Op/Ed

What the election means to me: It is a battle for decency

SUMMER INTERN ALYANA Santillana
is a Middlebury
College student who
was born in The
Philippines and grew
up in California.

Summer intern Alyana Santillana is a Middlebury College student who was born in The Philippines and grew up in California.

For the better part of the past eight years, different aspects of my identity have been used as weapons in the tug-of-war between the two major factions of American politics.

On one hand, I grew up in the San Francisco Bay Area, in an upper middle-class suburb just minutes away from Vice President Kamala Harris. I hail from Filipino immigrants, who are celebrated for being healthcare workers and branded as the “good” immigrants coming into the country. I am educated, and I’ve long prided myself for using research and theory as a basis for my political opinions.

By most measures, every aspect of my upbringing would classify me and those around me as the so-called “Coastal Elite.”

On the other hand, parts of my identity also mirror the identities of those who have fallen for Trumpism. My family and I have been devout Christians for as long as I can remember, and I like to believe that my religious convictions have influenced my moral beliefs on politics and the world. The nature of Asian immigration to the United States made it so many of my fellow Asian immigrants subscribe to the idea of “pulling yourself up from your bootstraps” and the notion that hard work, and that alone, dictated one’s success in this country.

My life after 2016 was marked by numerous crises of identity, allegiance and morality.

“Does forming an opinion from the perspective of one aspect of identity undermine the other?’ I wondered.

Yes, politics, by nature, is complex. But today’s politics are an abomination.

Donald Trump and his rhetoric have forced the American people to choose between common sense and an extreme, far right ideology that is not what Conservatism used to be. No longer is the Republican Party the party of traditional family values, economic freedom and patriotism that those close to me had once subscribed to.

No, in its ruins, the contemporary Republican Party is one that idolizes a self-serving billionaire that brands himself as the Messiah to his working-class followers.

What I regret most about contemporary politics is the growing resentment between Americans and the absence of empathy and mutual understanding. I am not a “Coastal Elite,” nor am I a heathen who supports killing traditional values, nor am I a classist who wishes to see working class families suffer under capitalism.

I am a student who remembers being an eight-year-old kid practicing barricading the door to my third-grade classroom in preparation for a school shooting. I am a young woman who’s watched her college friends from Texas weep about their bodily autonomy be at the mercy of a corrupt Supreme Court. I am a Christian, who’s watched people weaponizing my faith in a loving Lord to stand in a street corner bearing a sign that says, “God Hates Gays.” I am a child of immigrants, who sees little difference between my family’s pursuit of the American Dream and those being detained at the border.
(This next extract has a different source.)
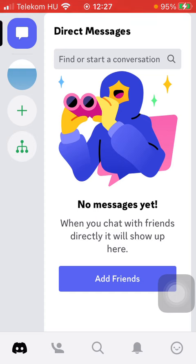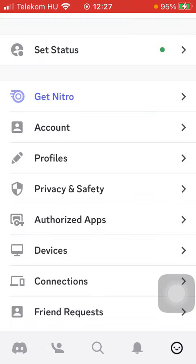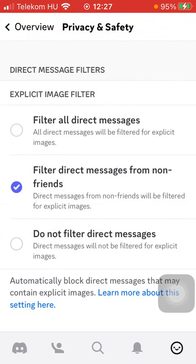Now let's jump into it. First of all, open the app on your phone, then click on this emoji button down below on the right side corner. After that, tap on Privacy and Safety.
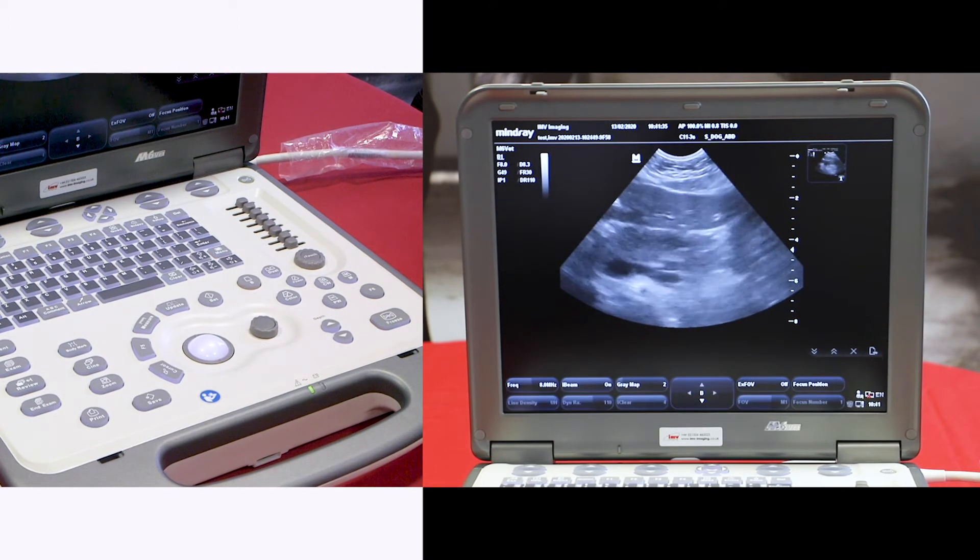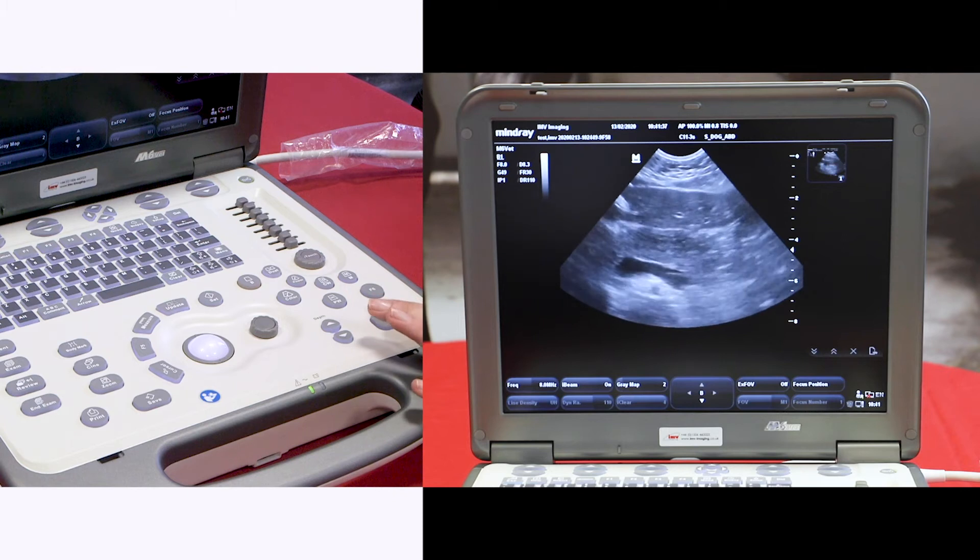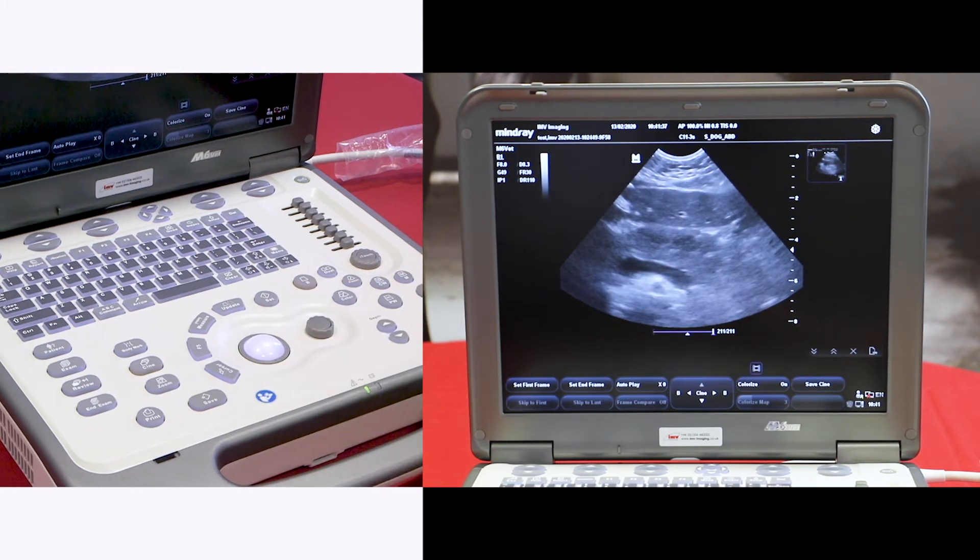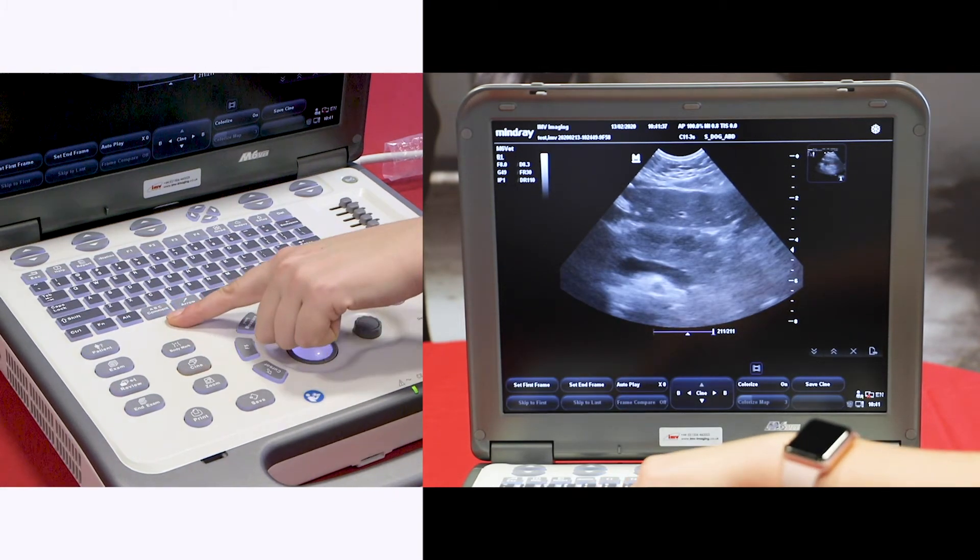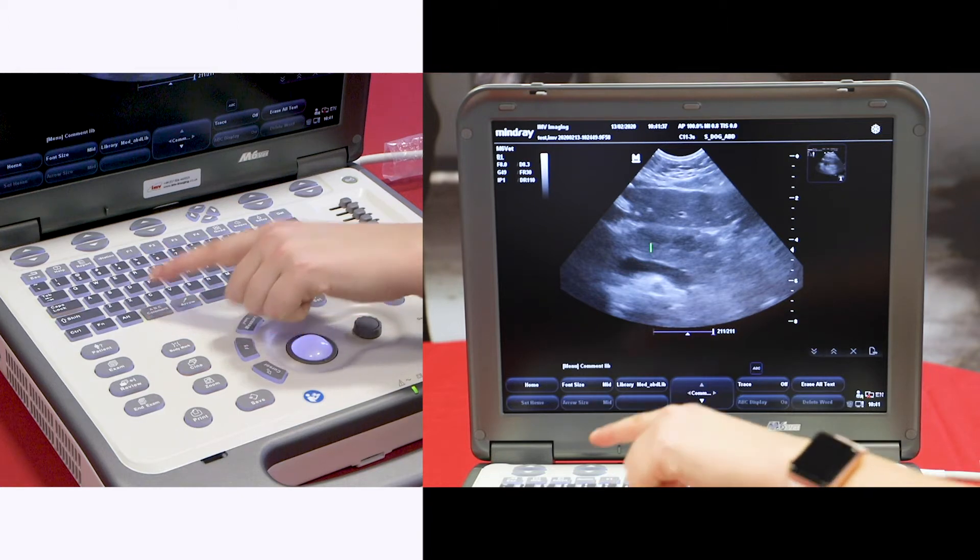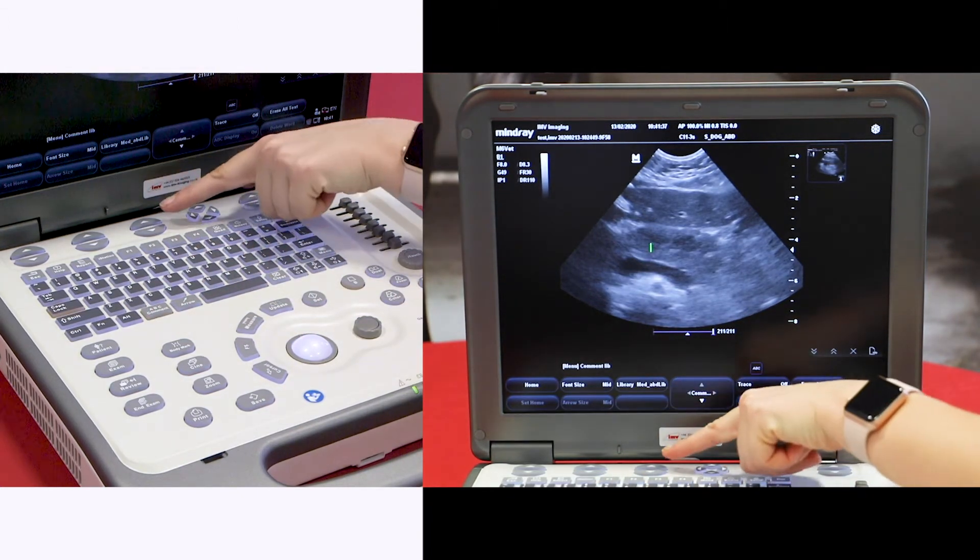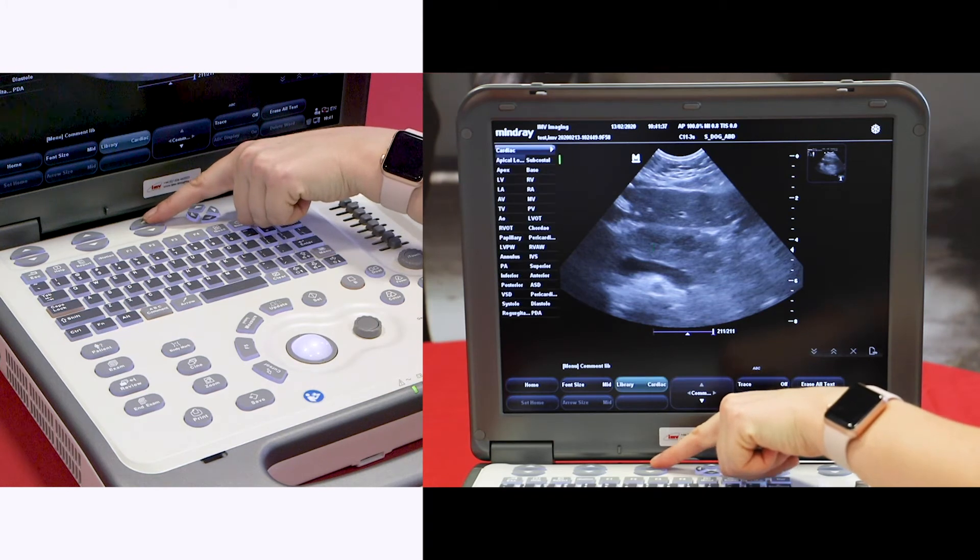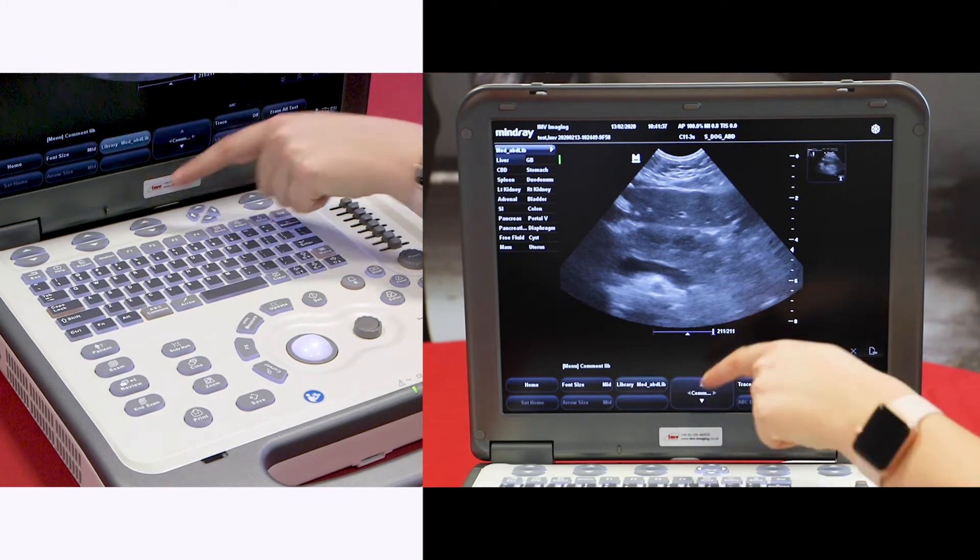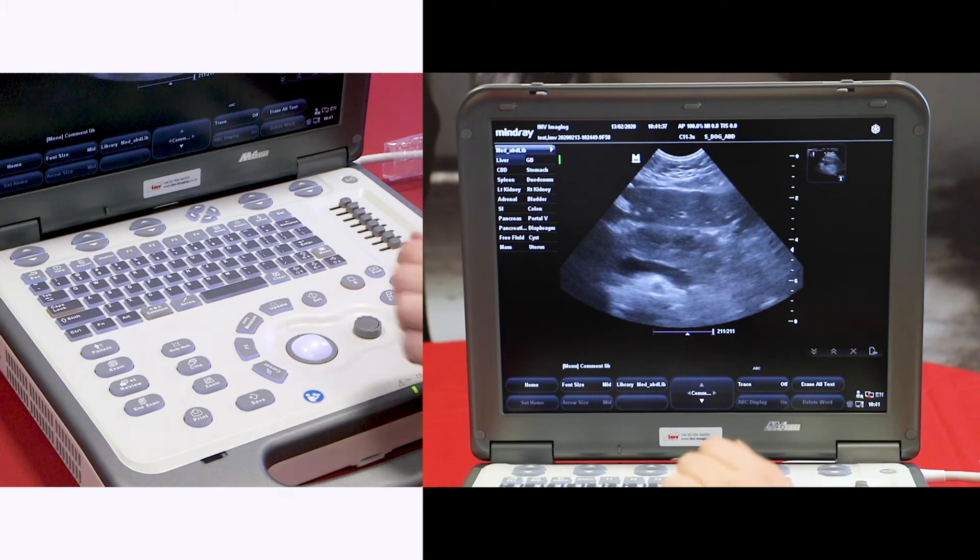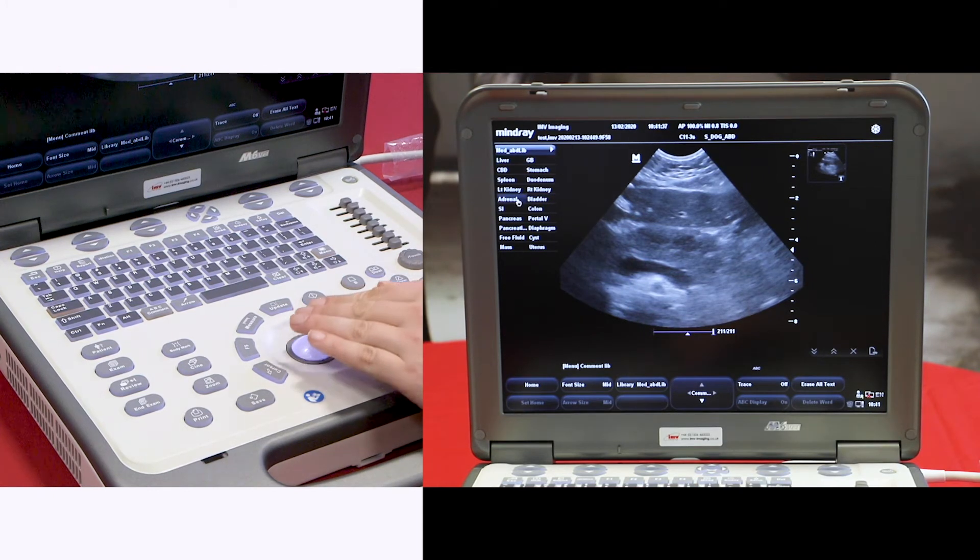To save an image with a comment, freeze your image. The comment button is just to the left of the spacebar. Press this, then pick from the different libraries. Scroll through until you find the appropriate one.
As for my affinity with the “other side,” Democratic Vice Presidential pick Tim Walz said it best, “They are not the enemy. They are my family. They are good people who feel like they’ve been left behind.”

I’ve long grappled with the fact that many of those I’ve grown up with are, in fact, Trump supporters. Not because they support his abysmal policies or because they’re racist, xenophobic or anything of the sort. It is because they’re working class, uneducated, vulnerable people who have long felt alienated by the rhetoric of the Democratic Party, which on the surface can be condescending and exude elements of classism.

In short, this is what the election means to me: In Kamala Harris I see a woman of color who has long been a champion for women and the middle class. Before she was Vice President Harris, she served as my U.S. Senator, my Attorney General and my District Attorney. She was the one who won thousands of dollars for homeowners in my region and forced accountability for law enforcement.

On a personal level, she is a fellow Bay Area Asian who takes pride in being from the birthplace of the Black Panther Party and the Disability Rights Movement and the hub for Student Activism. She is the daughter of immigrants who was taught the value of education and service from an early age.

In Tim Walz I see a former educator who’s dedicated his life to influencing the youth. Like many members of my family, he is a veteran and has made it a point in his political career to make life better for veterans. He is a Christian family man, who embodies Christian family values of community and compassion.

In Donald Trump and JD Vance I see two men who have weaponized the struggles of decent, everyday Americans who have traditionally turned to the Republican Party to be their advocates, now being coerced into supporting fascism.

In this election, I see an opportunity for this country to come back to itself, a country that celebrates diversity and opportunity. This is not a battle between liberals and conservatives or the elites and the working class. This is a battle for decency. This is our chance to again become a nation whose political divide is of policy, not identity and empathy. This is our chance to make America great again.